**Task to complete:** Those lines of the records that contain "Toyota" are to be located and copied.

[Records from a dataset]
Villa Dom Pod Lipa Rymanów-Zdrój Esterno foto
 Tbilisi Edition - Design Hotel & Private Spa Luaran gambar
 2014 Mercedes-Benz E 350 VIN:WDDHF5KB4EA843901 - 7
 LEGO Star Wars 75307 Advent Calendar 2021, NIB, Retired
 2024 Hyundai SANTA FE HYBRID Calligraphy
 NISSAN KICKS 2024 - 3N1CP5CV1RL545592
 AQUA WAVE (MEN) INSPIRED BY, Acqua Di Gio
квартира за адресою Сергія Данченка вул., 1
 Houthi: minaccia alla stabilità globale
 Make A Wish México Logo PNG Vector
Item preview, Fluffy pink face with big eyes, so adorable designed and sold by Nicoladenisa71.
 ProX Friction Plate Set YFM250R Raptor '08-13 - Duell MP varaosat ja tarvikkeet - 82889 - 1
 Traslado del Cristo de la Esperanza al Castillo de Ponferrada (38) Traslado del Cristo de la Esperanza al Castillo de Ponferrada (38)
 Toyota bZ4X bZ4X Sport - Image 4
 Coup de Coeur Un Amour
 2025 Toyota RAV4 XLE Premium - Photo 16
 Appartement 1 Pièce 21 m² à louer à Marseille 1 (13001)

**Your solution:**
 Toyota bZ4X bZ4X Sport - Image 4
 2025 Toyota RAV4 XLE Premium - Photo 16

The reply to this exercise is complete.